## Problem statement
In this exercise, print only the lines from the line with "Förvaring, Organiserare, Aluminium" to the last line of the data below, inclusive. Any pictures should be left out.
++++++
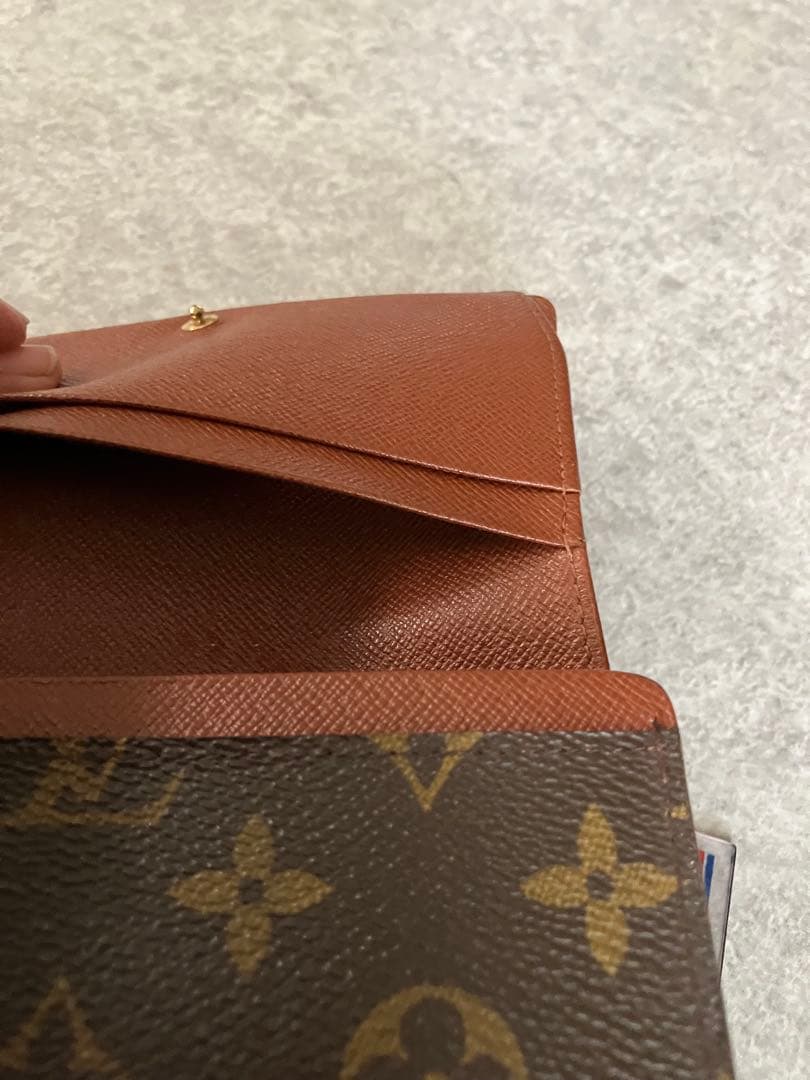 美品☆ルイビィトン財布二つ折り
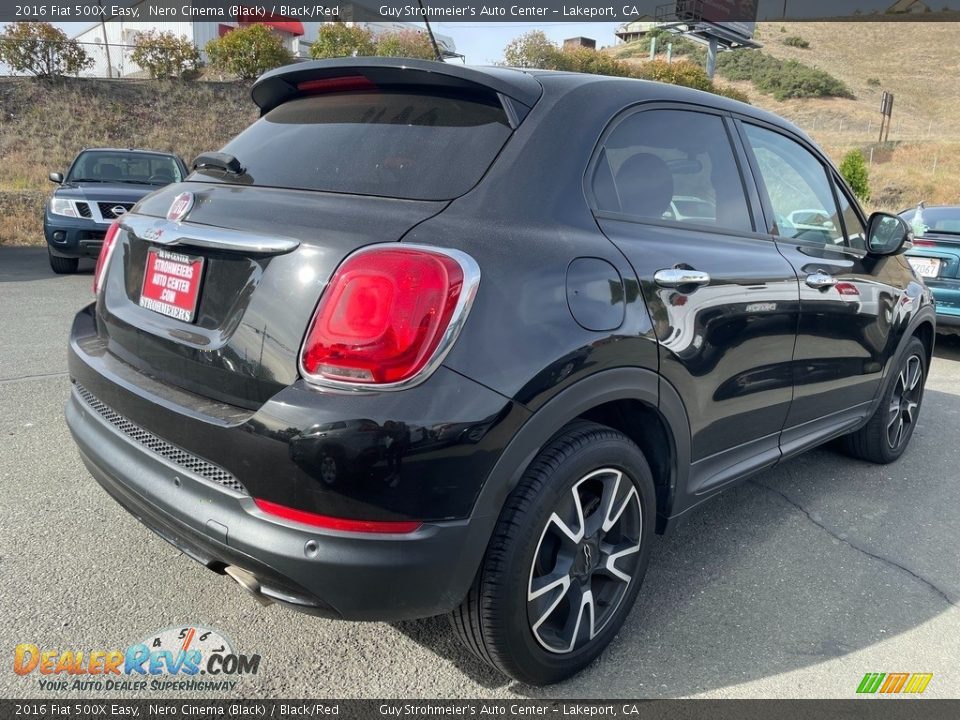 Nero Cinema (Black) 2016 Fiat 500X Easy Photo #7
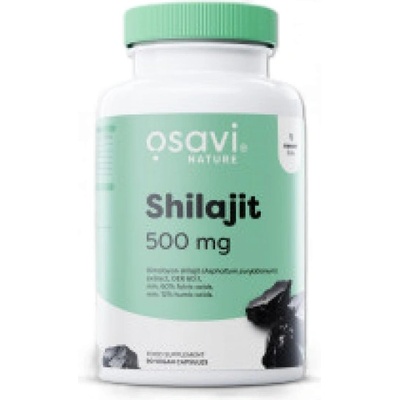 Osavi Shilajit 500 mg | 60: 1 Extract with 60+% Fulvic Acids [90 капсули]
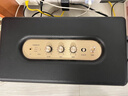 Marshall（马歇尔）STANMORE III 音箱3代无线蓝牙摇滚家用重低音生日新年礼物电脑音响 黑色 实拍图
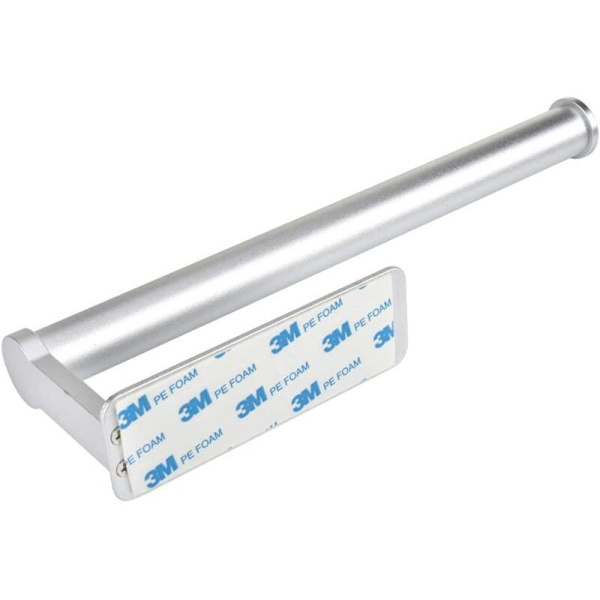 Kökspappershållare, Ingen Borrning, Kökspappershållare, Vägg, Kökspapper, Hållare, Förvaring, Organiserare, Aluminium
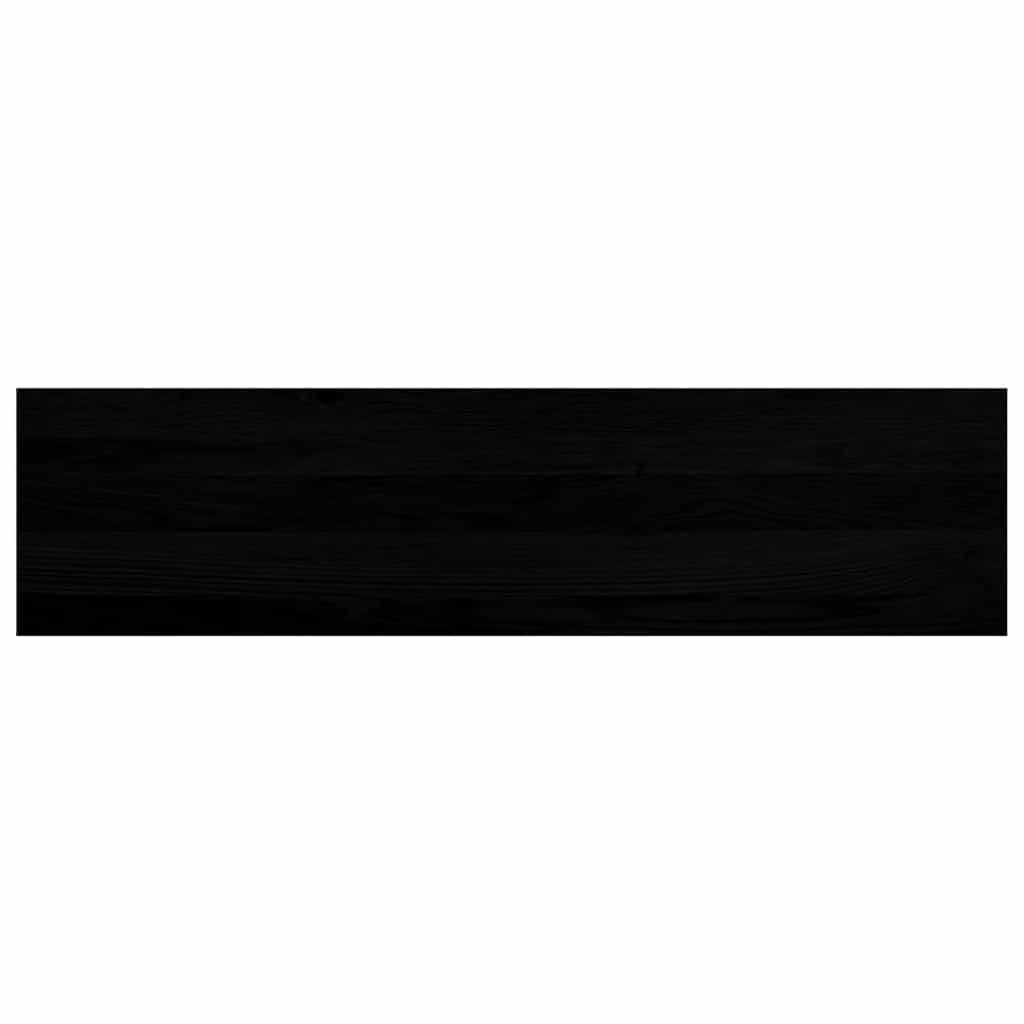 Gradini 12 pz Marrone Scuro 100x30x2 cm Legno Massello Rovere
++++++
## Exercise solution
 Kökspappershållare, Ingen Borrning, Kökspappershållare, Vägg, Kökspapper, Hållare, Förvaring, Organiserare, Aluminium
 Gradini 12 pz Marrone Scuro 100x30x2 cm Legno Massello Rovere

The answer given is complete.